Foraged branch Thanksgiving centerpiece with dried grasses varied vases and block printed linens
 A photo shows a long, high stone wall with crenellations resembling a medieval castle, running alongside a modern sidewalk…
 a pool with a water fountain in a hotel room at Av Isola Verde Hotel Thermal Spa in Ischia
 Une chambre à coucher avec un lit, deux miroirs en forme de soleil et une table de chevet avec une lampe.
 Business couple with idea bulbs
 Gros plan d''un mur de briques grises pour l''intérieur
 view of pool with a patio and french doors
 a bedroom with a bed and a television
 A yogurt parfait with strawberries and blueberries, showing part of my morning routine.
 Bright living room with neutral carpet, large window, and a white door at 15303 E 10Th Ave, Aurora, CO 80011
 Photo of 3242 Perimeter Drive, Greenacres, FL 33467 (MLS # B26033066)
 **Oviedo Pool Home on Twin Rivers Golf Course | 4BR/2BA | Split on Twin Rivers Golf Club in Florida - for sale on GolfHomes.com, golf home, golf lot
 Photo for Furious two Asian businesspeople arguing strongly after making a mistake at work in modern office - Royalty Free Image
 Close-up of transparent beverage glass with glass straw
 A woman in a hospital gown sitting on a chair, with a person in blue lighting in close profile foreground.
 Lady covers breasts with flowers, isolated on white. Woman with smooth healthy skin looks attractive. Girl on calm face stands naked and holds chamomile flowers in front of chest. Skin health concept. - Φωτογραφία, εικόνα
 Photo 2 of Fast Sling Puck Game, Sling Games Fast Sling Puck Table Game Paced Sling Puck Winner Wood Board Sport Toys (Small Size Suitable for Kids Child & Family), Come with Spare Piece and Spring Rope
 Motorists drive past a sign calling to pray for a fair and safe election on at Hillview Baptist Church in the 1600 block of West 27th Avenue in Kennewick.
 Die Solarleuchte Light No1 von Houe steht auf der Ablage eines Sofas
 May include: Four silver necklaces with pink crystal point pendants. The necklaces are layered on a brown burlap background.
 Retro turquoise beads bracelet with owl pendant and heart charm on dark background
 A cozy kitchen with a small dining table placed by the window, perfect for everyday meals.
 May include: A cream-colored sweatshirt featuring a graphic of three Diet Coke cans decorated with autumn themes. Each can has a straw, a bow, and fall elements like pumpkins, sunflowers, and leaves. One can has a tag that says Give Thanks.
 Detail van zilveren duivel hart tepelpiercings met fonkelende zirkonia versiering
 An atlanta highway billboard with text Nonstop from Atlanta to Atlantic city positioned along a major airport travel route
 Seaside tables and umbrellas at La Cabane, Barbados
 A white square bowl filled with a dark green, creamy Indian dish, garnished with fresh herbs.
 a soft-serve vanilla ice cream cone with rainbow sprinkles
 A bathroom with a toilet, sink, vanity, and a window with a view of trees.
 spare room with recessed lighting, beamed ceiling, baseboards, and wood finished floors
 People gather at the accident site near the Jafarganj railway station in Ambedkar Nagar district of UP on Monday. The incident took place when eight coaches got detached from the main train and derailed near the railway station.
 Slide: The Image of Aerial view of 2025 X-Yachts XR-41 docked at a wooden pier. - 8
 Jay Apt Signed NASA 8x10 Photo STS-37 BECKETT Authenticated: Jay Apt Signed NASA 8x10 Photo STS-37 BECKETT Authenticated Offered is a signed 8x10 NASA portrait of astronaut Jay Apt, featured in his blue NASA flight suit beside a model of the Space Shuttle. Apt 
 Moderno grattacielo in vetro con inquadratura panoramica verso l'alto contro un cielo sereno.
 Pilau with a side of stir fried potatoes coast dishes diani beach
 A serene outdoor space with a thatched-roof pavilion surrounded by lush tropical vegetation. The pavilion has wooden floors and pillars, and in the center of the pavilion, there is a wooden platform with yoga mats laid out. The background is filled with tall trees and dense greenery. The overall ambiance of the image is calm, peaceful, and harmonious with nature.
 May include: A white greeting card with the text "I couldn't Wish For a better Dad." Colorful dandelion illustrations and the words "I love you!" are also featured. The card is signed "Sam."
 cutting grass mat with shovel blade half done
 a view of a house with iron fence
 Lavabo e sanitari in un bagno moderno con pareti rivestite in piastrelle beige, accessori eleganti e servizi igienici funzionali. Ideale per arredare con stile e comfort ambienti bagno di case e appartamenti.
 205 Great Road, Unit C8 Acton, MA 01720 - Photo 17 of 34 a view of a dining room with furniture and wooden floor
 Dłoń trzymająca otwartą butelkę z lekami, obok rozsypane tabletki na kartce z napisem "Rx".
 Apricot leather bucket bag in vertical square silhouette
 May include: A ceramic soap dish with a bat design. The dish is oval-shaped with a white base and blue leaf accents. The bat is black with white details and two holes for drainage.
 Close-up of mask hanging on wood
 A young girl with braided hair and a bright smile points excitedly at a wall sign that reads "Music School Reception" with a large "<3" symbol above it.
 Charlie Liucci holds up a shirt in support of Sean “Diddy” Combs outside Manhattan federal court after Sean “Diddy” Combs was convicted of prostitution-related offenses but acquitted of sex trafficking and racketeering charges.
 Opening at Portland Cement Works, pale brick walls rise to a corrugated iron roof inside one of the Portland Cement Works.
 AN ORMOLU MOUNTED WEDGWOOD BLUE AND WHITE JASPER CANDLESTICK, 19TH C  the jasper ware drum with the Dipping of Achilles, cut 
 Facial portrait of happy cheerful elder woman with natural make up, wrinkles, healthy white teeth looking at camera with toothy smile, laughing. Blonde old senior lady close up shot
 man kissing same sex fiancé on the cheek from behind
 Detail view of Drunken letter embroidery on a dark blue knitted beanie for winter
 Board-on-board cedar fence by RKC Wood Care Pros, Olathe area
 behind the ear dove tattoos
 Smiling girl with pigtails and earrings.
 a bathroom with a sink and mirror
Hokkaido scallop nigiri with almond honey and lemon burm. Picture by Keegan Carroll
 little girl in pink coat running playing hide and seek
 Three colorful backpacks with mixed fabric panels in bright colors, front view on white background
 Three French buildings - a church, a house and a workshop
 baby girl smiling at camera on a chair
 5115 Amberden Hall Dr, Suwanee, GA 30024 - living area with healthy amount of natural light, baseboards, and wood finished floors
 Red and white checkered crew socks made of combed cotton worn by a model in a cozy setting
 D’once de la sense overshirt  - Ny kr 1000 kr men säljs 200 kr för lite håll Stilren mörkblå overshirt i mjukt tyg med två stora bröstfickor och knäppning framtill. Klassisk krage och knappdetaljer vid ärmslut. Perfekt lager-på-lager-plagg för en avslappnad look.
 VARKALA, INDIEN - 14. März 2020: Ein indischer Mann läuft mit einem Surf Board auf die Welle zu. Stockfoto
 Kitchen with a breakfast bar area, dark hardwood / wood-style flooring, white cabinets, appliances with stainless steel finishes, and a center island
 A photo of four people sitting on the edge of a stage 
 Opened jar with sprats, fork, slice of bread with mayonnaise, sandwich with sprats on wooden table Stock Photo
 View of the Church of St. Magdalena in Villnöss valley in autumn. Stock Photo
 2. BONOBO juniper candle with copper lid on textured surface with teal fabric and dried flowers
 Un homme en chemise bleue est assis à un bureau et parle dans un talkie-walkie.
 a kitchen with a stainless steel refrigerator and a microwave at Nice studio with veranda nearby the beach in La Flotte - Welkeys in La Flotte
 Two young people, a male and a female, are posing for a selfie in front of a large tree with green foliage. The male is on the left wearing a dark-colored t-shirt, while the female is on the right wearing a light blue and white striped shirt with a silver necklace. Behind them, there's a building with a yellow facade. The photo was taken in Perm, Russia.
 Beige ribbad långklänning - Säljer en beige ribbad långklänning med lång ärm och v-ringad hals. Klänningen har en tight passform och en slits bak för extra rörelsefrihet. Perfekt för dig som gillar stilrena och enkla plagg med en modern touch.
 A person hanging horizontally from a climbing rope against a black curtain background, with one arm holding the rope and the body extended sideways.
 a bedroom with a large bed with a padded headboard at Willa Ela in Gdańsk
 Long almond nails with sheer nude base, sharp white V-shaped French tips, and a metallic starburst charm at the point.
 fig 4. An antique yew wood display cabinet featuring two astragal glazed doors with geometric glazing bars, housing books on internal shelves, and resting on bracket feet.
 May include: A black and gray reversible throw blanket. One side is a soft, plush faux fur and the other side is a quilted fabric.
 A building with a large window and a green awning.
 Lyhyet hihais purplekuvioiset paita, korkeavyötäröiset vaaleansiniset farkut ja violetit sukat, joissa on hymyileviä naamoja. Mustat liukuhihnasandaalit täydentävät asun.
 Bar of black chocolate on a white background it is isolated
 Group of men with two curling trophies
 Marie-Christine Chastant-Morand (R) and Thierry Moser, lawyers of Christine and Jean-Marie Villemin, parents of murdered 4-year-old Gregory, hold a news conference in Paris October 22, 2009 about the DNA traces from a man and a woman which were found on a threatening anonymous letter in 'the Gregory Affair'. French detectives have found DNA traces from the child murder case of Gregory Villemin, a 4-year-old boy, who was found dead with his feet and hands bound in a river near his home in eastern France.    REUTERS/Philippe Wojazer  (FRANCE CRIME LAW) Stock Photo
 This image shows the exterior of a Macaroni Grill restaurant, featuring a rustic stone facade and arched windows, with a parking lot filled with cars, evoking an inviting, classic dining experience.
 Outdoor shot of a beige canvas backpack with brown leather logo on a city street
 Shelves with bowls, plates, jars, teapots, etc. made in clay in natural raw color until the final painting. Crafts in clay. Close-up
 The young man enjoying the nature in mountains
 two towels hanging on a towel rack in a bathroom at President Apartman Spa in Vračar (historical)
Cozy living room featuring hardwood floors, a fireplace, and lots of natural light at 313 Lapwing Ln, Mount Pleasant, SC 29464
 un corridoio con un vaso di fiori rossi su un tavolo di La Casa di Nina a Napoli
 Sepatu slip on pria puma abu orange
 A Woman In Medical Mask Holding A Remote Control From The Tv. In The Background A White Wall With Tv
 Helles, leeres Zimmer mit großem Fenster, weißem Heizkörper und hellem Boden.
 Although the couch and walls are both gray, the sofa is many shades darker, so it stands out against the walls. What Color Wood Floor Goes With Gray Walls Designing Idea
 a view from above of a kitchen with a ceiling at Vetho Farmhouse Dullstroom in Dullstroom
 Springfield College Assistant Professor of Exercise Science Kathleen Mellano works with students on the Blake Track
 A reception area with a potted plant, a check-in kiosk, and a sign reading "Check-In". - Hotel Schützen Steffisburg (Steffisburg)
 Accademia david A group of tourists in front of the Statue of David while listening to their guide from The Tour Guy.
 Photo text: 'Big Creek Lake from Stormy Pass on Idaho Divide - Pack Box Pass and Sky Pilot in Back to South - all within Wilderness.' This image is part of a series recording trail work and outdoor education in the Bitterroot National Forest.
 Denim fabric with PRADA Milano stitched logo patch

## Exercise brief
Output should match, line for line, the stretch of the material above from the line holding "fig 4. An antique" through the line holding "May include: A black".

## Result of the exercise
 fig 4. An antique yew wood display cabinet featuring two astragal glazed doors with geometric glazing bars, housing books on internal shelves, and resting on bracket feet.
 May include: A black and gray reversible throw blanket. One side is a soft, plush faux fur and the other side is a quilted fabric.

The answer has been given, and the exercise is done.